The feeding of roses is essential for good flowering and health, and the easiest way to remember when to feed is to use it as a reward. Once the leaves start to emerge in the spring, give the rose its first reward of fertiliser, and then another feed after the first flush of flowers in summer. Its best to use a proper rose fertiliser such as Toprose, which contains iron and magnesium, as well as nitrogen, phosphate and potash. This ensures that the rose is getting exactly what it needs to guard against nutrient deficiency. It’s also a good idea to apply a mulch of very well rotted manure in spring to improve soil quality, retain moisture and suppress weed growth.
Keep them healthy
Roses are notoriously prone to pest and disease attacks – those dark blotches often seen on the leaves of roses are a fungal disease known as blackspot.
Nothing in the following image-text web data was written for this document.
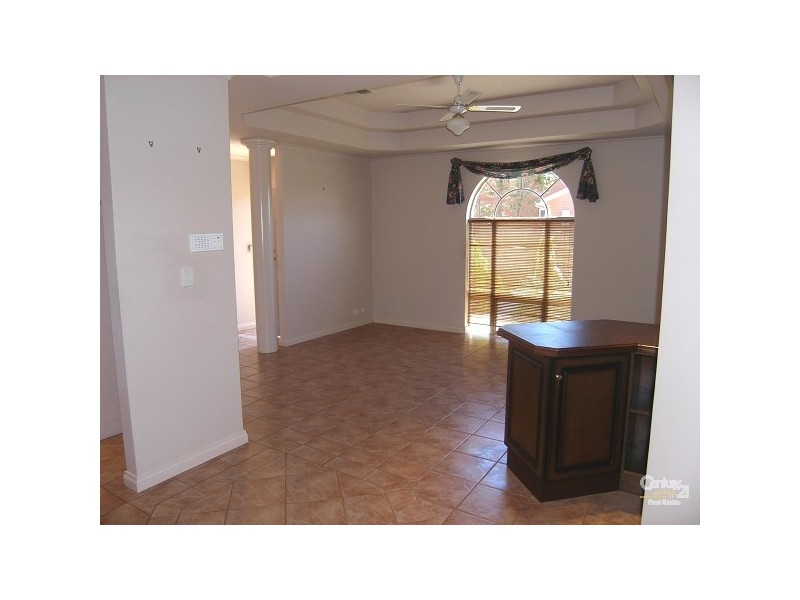 Unit  2-123 Military Road, Tennyson SA 5022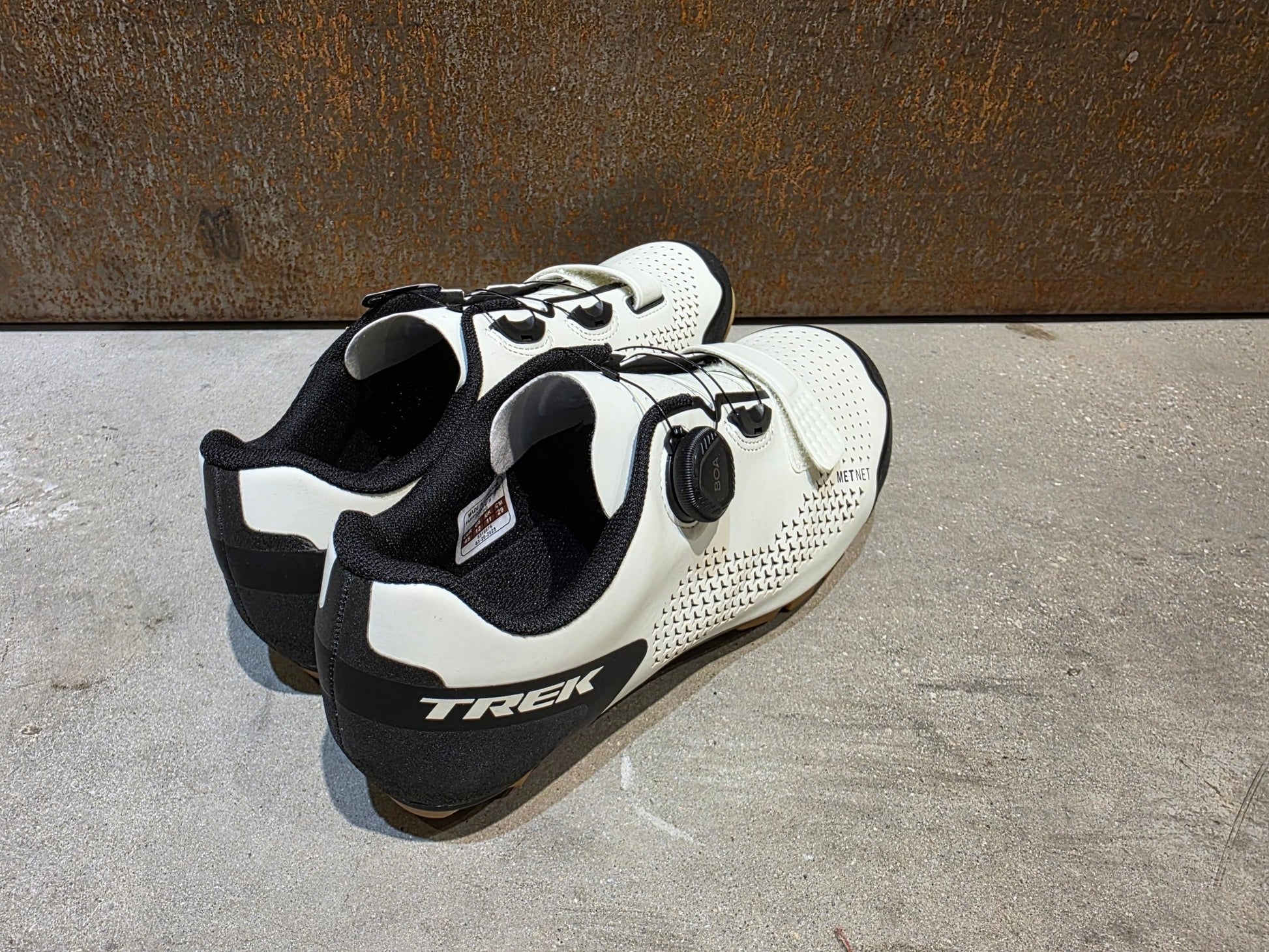 MTB - Herrenschuhe von Trek, TREK FORAY MOUNTAINBIKESCHUH / ERA WHITE vor USEDBIKES - OB.DE Hintergrund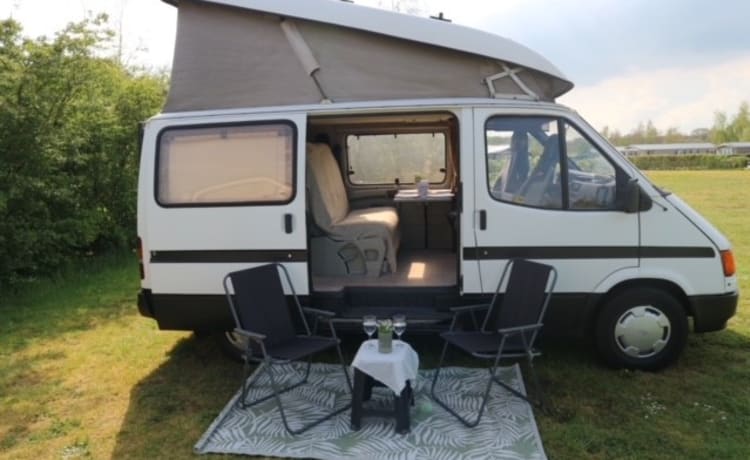 Lars – Compact and cozy 4-person motorhome (well maintained)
A good way of preventing this is to use Multirose 3 in 1. This kills pests such as greenfly and red spider mite, controls disease like blackspot and mildew, and as it’s a systemic application (i.e. it gets into the system of the plant) it also offers longer term protection. Multirose should only be used early in the morning, or later in the evening when the bees are not actively foraging, and you should read the instructions carefully as the concentrate has slightly different properties than the ready-to-use formula. A good organic substitute is to use a garlic based treatment, and it’s always a good idea to collect fallen rose leaves and dispose of them to prevent the spread of disease.
Once the rose is in flower, regular dead-heading is essential to encourage the rose to produce more blooms. Old faded flowers should be snipped off using a sharp pair of secateurs to just above a healthy, full sized leaf, as this is where the hormones are found which will quickly produce a new flowering shoot.
So hopefully, the roses will be blooming lovely this year!